(Stored items)

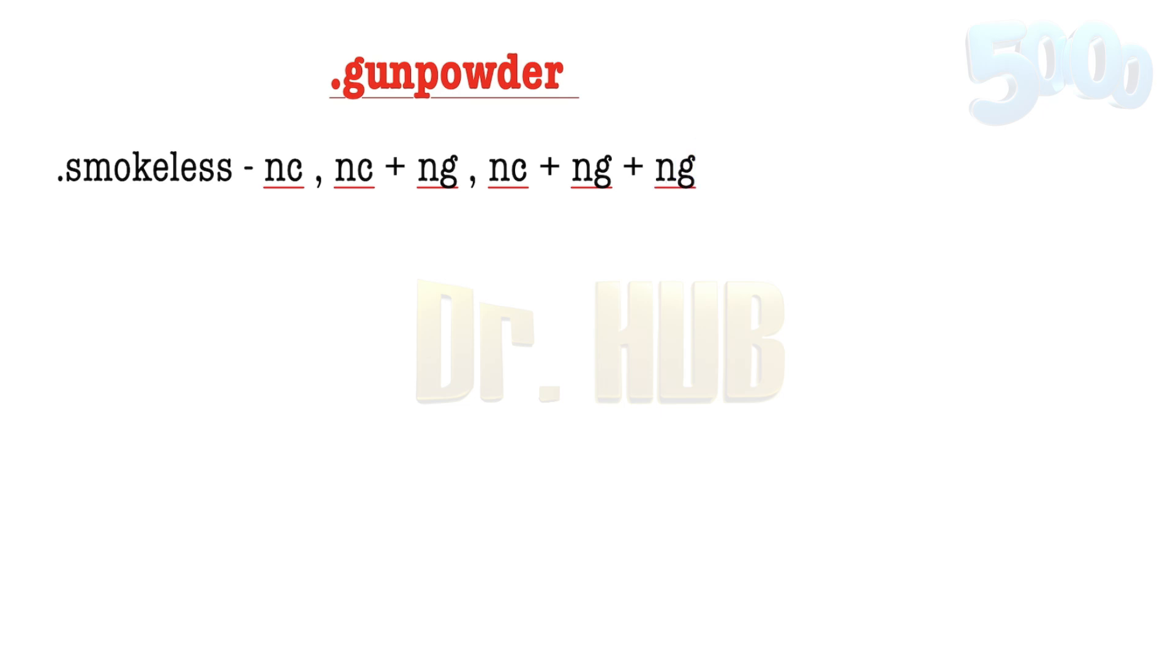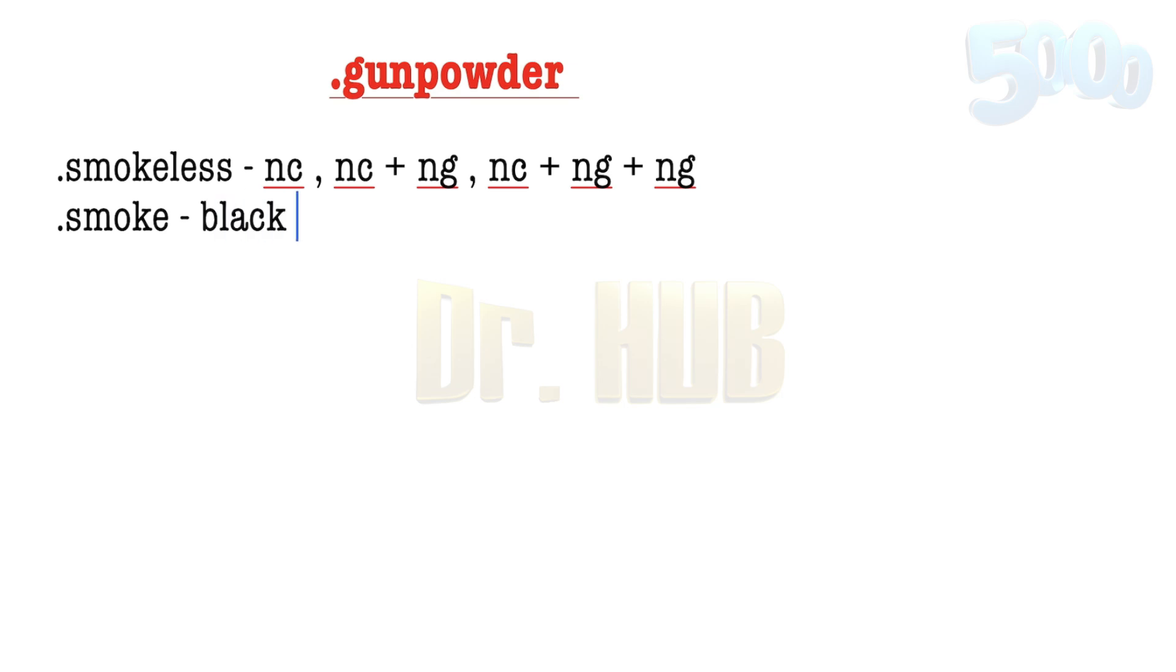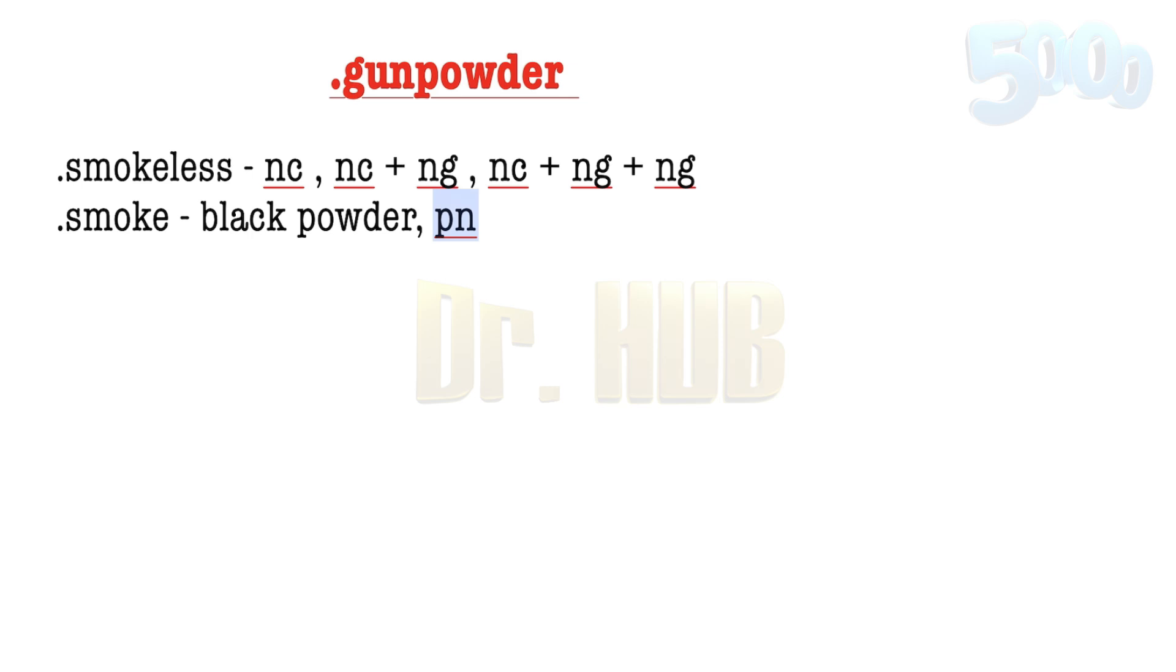Next, we're going to look at the smoke producer. The smoke-producing type contains black powder. What are the components? The components include potassium nitrate (PN), charcoal, and sulfur—potassium nitrate, charcoal, and sulfur.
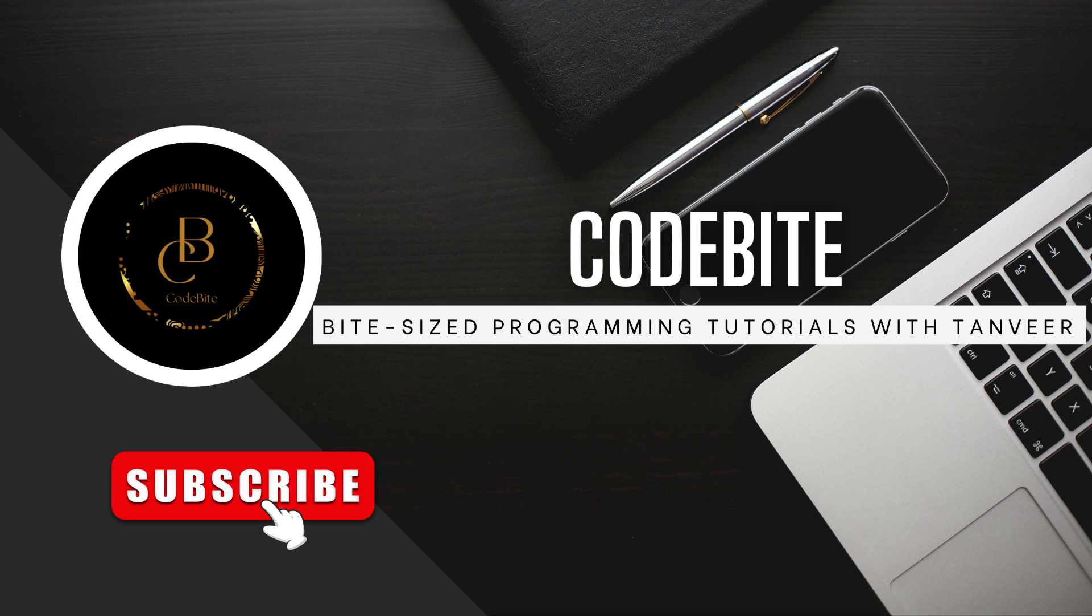Welcome back to our Jenkins tutorial series. In this episode, we will guide you through the process of adding credentials to the global credential manager in Jenkins, ensuring a secure and streamlined automation experience.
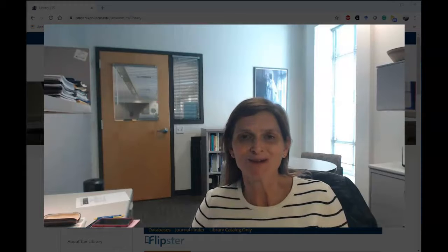Hi English 102 students, my name is Anne Roselle and I'm one of the Phoenix College librarians. I'm also your very own librarian for this class.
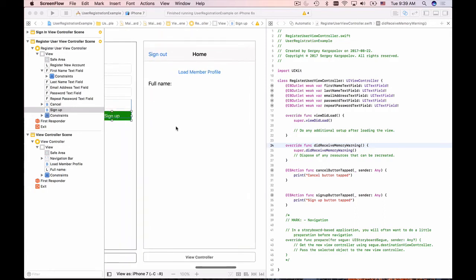We are now ready to create connections for the homepage. We have two buttons here: a sign out button and a load member profile button, and we have one label which will display the user's full name.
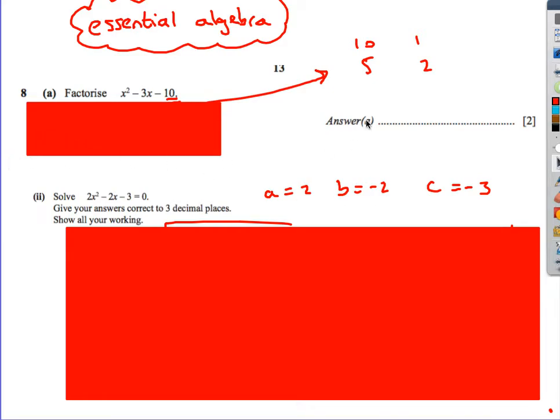Next in the series, looking at some Paper 4s from the IGCSE syllabus, we're going to look at some algebra questions. Here are some essential algebra questions that you need to be able to do.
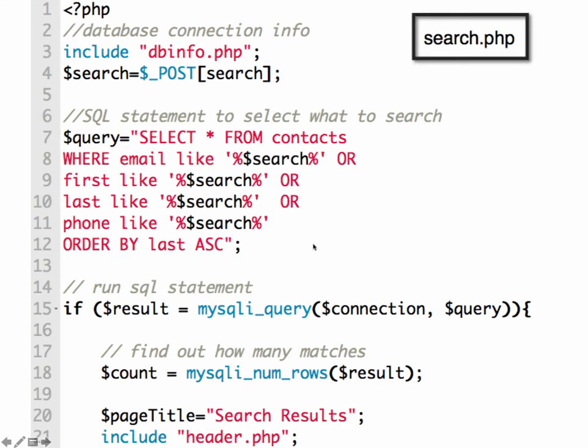You should have a search PHP script that has some starter code in there for you. But you can see at the beginning we're connecting to the database. We're getting the variable submitted by the search form and calling it search. And then generating our SQL query.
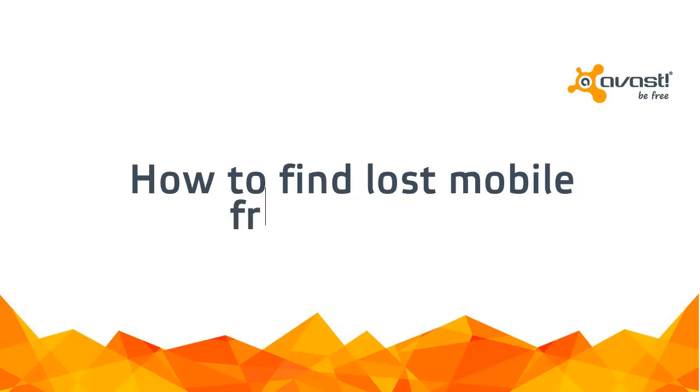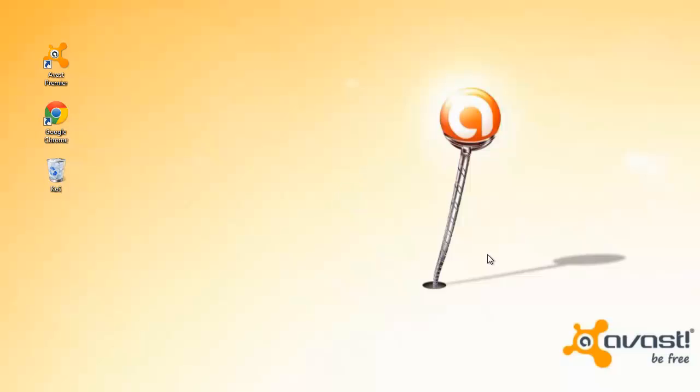Welcome to the Avast Online Tutorial. Avast Anti-Theft allows you to track your Android mobile device in the event that it is lost or stolen.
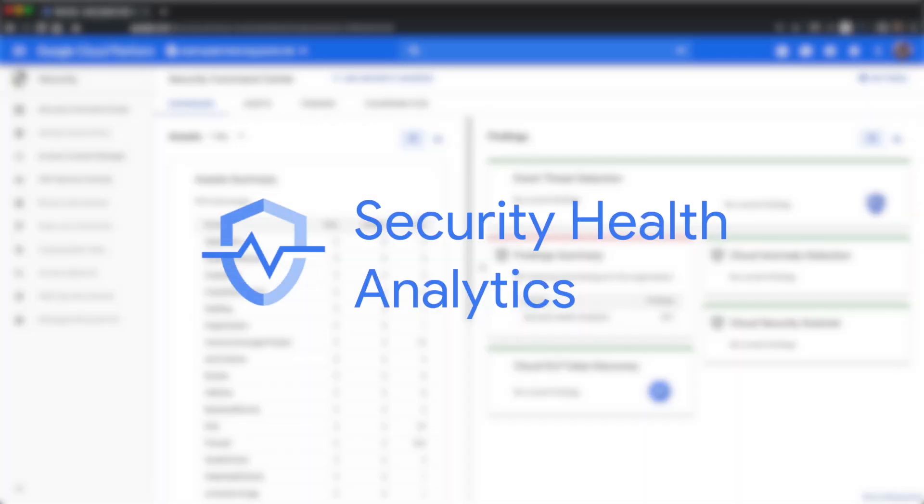Today we're excited to announce the beta of Security Health Analytics, a security product that integrates into Cloud Security Command Center.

• [TASK DESCRIPTION] Using the data above, transcribe exactly the lines between those containing "Welcome back to" and "Welcome to the", inclusive, and leave every picture behind.

• [EXPECTED ANSWER]
Welcome back to our Jenkins tutorial series. In this episode, we will guide you through the process of adding credentials to the global credential manager in Jenkins, ensuring a secure and streamlined automation experience.
Hi English 102 students, my name is Anne Roselle and I'm one of the Phoenix College librarians. I'm also your very own librarian for this class.
We are now ready to create connections for the homepage. We have two buttons here: a sign out button and a load member profile button, and we have one label which will display the user's full name.
Next in the series, looking at some Paper 4s from the IGCSE syllabus, we're going to look at some algebra questions. Here are some essential algebra questions that you need to be able to do.
You should have a search PHP script that has some starter code in there for you. But you can see at the beginning we're connecting to the database. We're getting the variable submitted by the search form and calling it search. And then generating our SQL query.
Welcome to the Avast Online Tutorial. Avast Anti-Theft allows you to track your Android mobile device in the event that it is lost or stolen.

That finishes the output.